Un botón de muestra:
se dice que The Walking Dead, work in progress del noveno arte
conducido por Robert Kirkman y mudado a la pequeña pantalla por Frank Darabont,
supone una rara avis dentro del panorama zombi. Que resulta una serie
innovadora, porque se centra en las reacciones de los personajes, en sus
rencillas y vivencias, en cómo van evolucionando para adaptarse a un mundo en
que ya solo imperan las necesidades más básicas. Pero no nos engañemos: nada de
esto es nuevo. Esa idea ya estaba ahí desde la fundacional cinta de George A.

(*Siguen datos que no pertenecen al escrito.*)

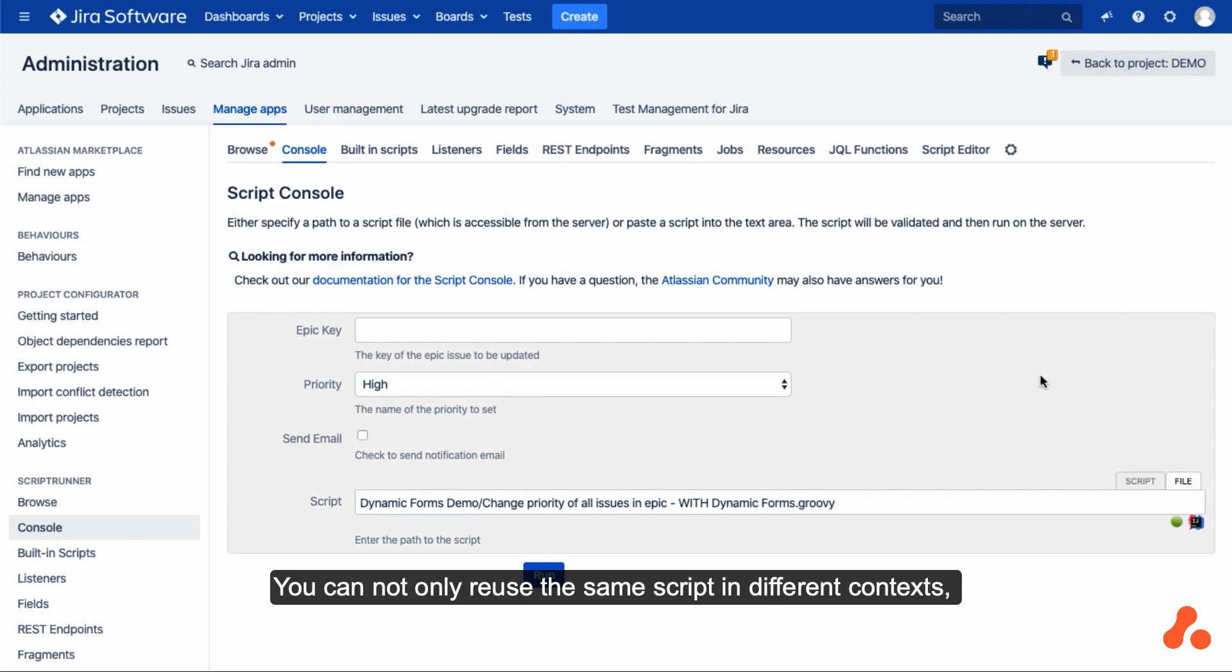You can not only reuse the same script in different contexts, but it is also much friendlier to share with non-coder admins.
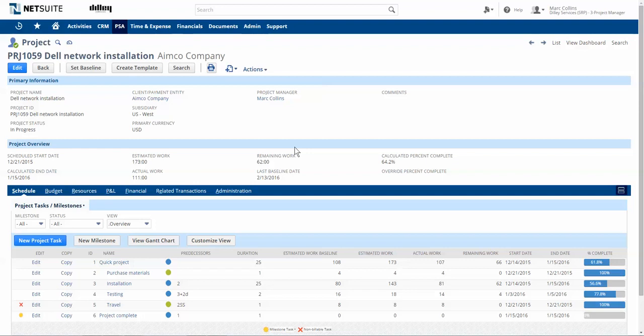Hello and welcome. This short demo is designed to highlight the key benefits of the NetSuite Project Dashboard.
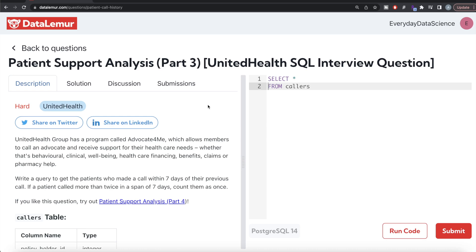Welcome back to the channel. This channel, Every Data Science, is all about trying to learn different concepts in data science by practicing a lot of questions. In this video, I'm going to solve a question on data analysis regarding patient support analysis part 3 using PostgreSQL, and walk you through how we can develop solutions to such problems.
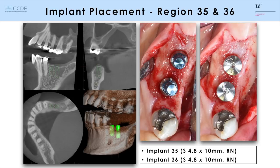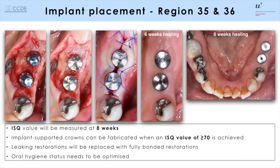You see the intraoral view following the placement of two Straumann tissue level implants in area 35 and 36. This surgical placement allows a non-submerged healing after application of three millimeter healing caps, reducing the need for a reopening procedure following the healing. The anticipated wound healing phase in this case was six weeks and we had an uneventful healing with ISQ values higher than 70.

Romero, La noche de los muertos vivientes,
en eso consistía precisamente su planteamiento. ¿Qué innova entonces la serie
de Robert Kirkman? Bajo mi punto de vista: nada. Parte de su éxito se basa
precisamente en lo contrario, en dejar intactas las bases. Y jugar con ellas es
la otra cara del logro, construir encima una serie larga, sin final aparente,
una telenovela zombificada que nos permita dilatar la evolución de los
protagonistas y, por ende, identificarnos más con sus emociones y motivaciones (prerrogativa
que, por otro lado, comparten todas las series). En boca del propio Kirkman:
“Para mí, lo peor de las pelis de zombis es el final. Siempre quiero saber qué
pasa después. Conocemos al personaje, vive una aventura y bum, aparecen los títulos
finales. La idea que hay tras mi serie es la de seguir con el personaje durante
todo el tiempo que sea posible. Nunca nos preguntaremos qué le pasa luego a
Rick, lo veremos. The Walking Dead será la película de zombis que nunca acaba”.
Y esto ocurre también
con los zombis literarios: muchos se promocionan como la reforma definitiva del
género cuando lo cierto es que son más de lo mismo. Sin embargo, hay obras que
sí resultan verdaderamente revolucionarias, o al menos gozan de ese potencial (la
mayoría pasa desapercibida entre sus hermanos de más calado). Siguiendo con la
tónica de los botones, La sonrisa de los
muertos, de Daniel Pérez, y American
Zombie, de Miguel Barqueros, son dos de estas propuestas. La primera,
aproximando el descerebrado antropófago a la clásica figura del vampiro; la
segunda, mezclando hábilmente lo hortera con el gore más visceral. Naturaleza Muerta, de Víctor Conde, constituye
sin duda otra de estas excepciones. La novela adjunta devoradores de carne, no
lo vamos a negar. Y diré más: son los clásicos, los romerianos de toda la vida.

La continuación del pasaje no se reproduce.